Indian Companies Expected to See 8.5% Revenue Growth in Q1 FY27: Report

Mumbai, April 24: Indian companies are projected to experience a revenue growth of 8-8.5% year-on-year in the first quarter of FY27, according to a report released on Friday.

The report by Crisil Intelligence indicates that revenue growth for the fourth quarter of FY26 is expected to be around 8.5-9% year-on-year. This increase is attributed to strong volumes in the automobile and white goods sectors, driven by GST reductions.

However, the report notes that the anticipated decline in revenue for the first quarter of FY27 compared to the fourth quarter of FY26 is due to tensions in West Asia, which could impact demand due to rising prices.

Crisil Intelligence highlighted that the effects of conflict in directly related sectors were already visible during the fourth quarter of FY26. This impact is expected to be more pronounced in the upcoming quarters, particularly in the first two quarters of FY27.

The report emphasizes that for India, this region remains crucial in terms of energy, trade, and remittance channels, making the economy particularly sensitive to prolonged disruptions.

India imports nearly 89% of its crude oil needs, with approximately 46% passing through the strategically vital Strait of Hormuz.

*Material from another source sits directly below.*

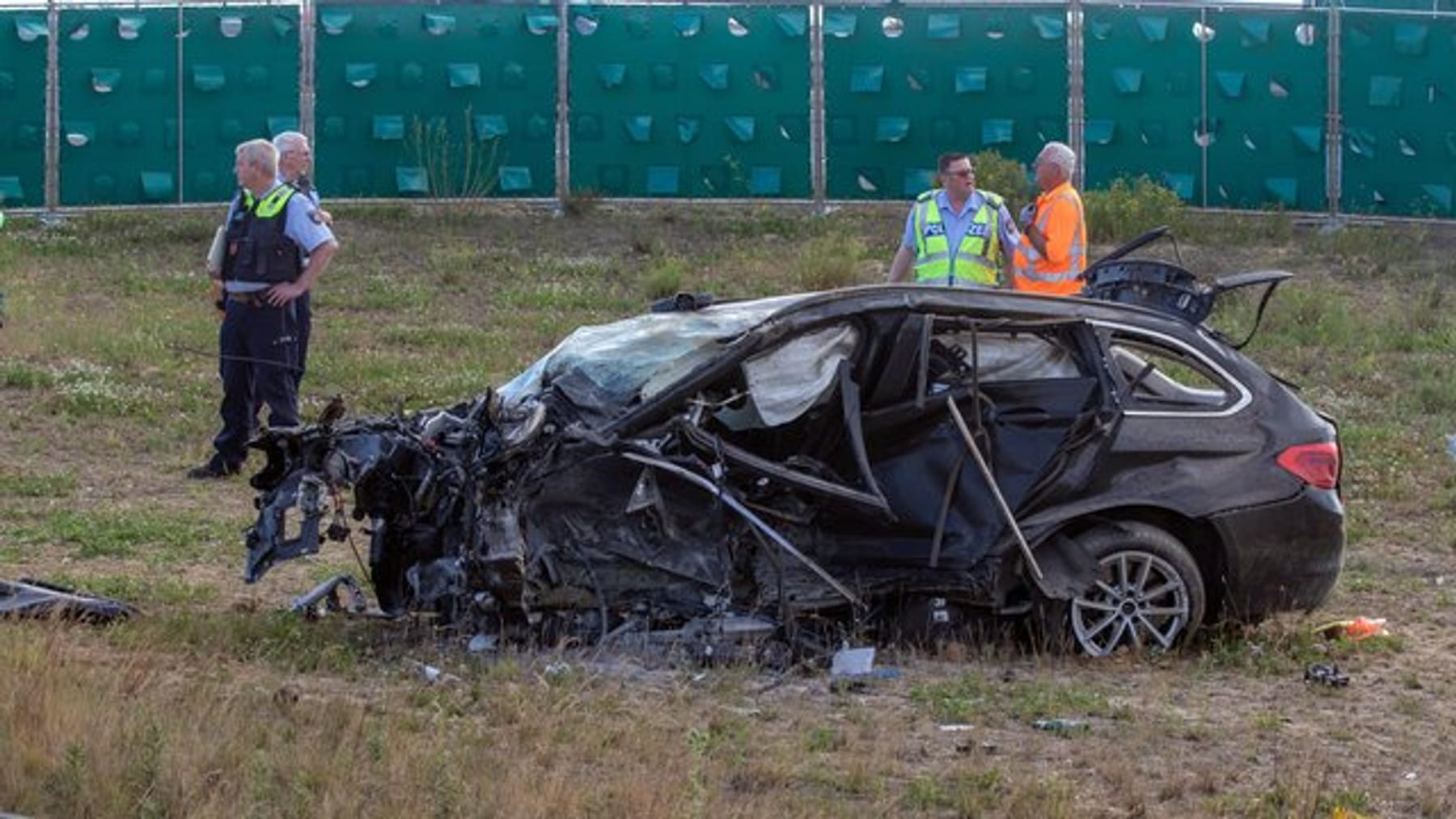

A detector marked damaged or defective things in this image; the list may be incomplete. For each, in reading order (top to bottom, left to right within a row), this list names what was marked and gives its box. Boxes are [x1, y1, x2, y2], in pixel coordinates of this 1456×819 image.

The country also relies on imports for nearly half of its LPG needs, with over half of these shipments transiting through the same route.

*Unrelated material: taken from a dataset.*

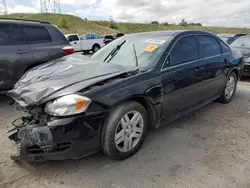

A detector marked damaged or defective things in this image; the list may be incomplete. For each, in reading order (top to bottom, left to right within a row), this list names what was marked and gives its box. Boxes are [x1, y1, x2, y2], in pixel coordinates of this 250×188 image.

damaged black car [7, 30, 242, 162]
crumpled front end [7, 111, 103, 162]
front bumper damage [7, 114, 103, 162]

The sensitivity is even higher for liquefied petroleum gas (LPG), where imports meet about two-thirds of domestic demand, with most shipments passing through Hormuz.

In addition to energy, West Asia serves as a significant economic corridor for India, accounting for nearly 13% of goods exports.

The report states that key export sectors, such as gems and jewelry, along with processed food categories like rice and meat, heavily depend on this region.